“In less refined circles than ours,” I said to Myra, “your behaviour would be described as swank. Really, to judge from the airs you put on, you might be the child’s mother.”
“He’s jealous because he’s not an aunt himself. Isn’t he, ducksey darling?”
“I do wish you wouldn’t keep dragging the baby into the conversation; we can make it go quite well as a duologue. As to being jealous — why, it’s absurd. True, I’m not an aunt, but in a very short time I shall be an uncle by marriage, which sounds to me much superior. That is,” I added, “if you’re still equal to it.”
Myra blew me a kiss over the cradle.
“Another thing you’ve forgotten,” I went on, “is that I’m down for a place as a godfather. Archie tells me that it isn’t settled yet, but that there’s a good deal of talk about it in the clubs. Who’s the other going to be? Not Thomas, I suppose? That would be making the thing rather a farce.”
“Hasn’t Dahlia broken it to you?” said Myra anxiously.
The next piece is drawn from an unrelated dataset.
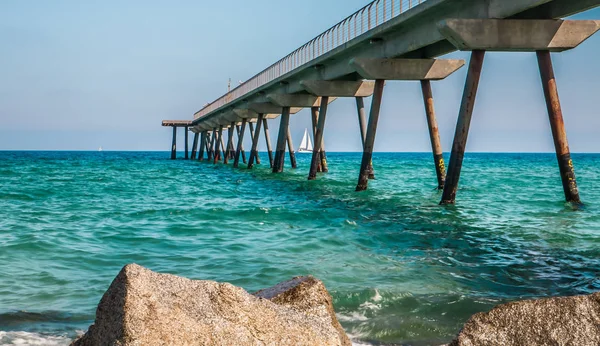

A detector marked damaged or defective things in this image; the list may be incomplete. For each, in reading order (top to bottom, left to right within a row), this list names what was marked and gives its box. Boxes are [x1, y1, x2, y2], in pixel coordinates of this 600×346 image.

“Simpson?” I asked, in an awed whisper.
Myra nodded. “And, of course, Thomas,” she said.
“Heavens! Not three of us? What a jolly crowd we shall be. Thomas can play our best ball. We might — ”
“But of course there are only going to be two godfathers,” she said, and leant over the cradle again.
I held up my three end fingers. “Thomas,” I said, pointing to the smallest, “me,” I explained, pointing to the next, “and Simpson, the tall gentleman in glasses. One, two, three.”
“Oh, baby,” sighed Myra, “what a very slow uncle by marriage you’re going to have!”
I stood and gazed at my three fingers for some time.
“I’ve got it,” I said at last, and I pulled down the middle one. “The rumour in the clubs was unauthorized. I don’t get a place after all.”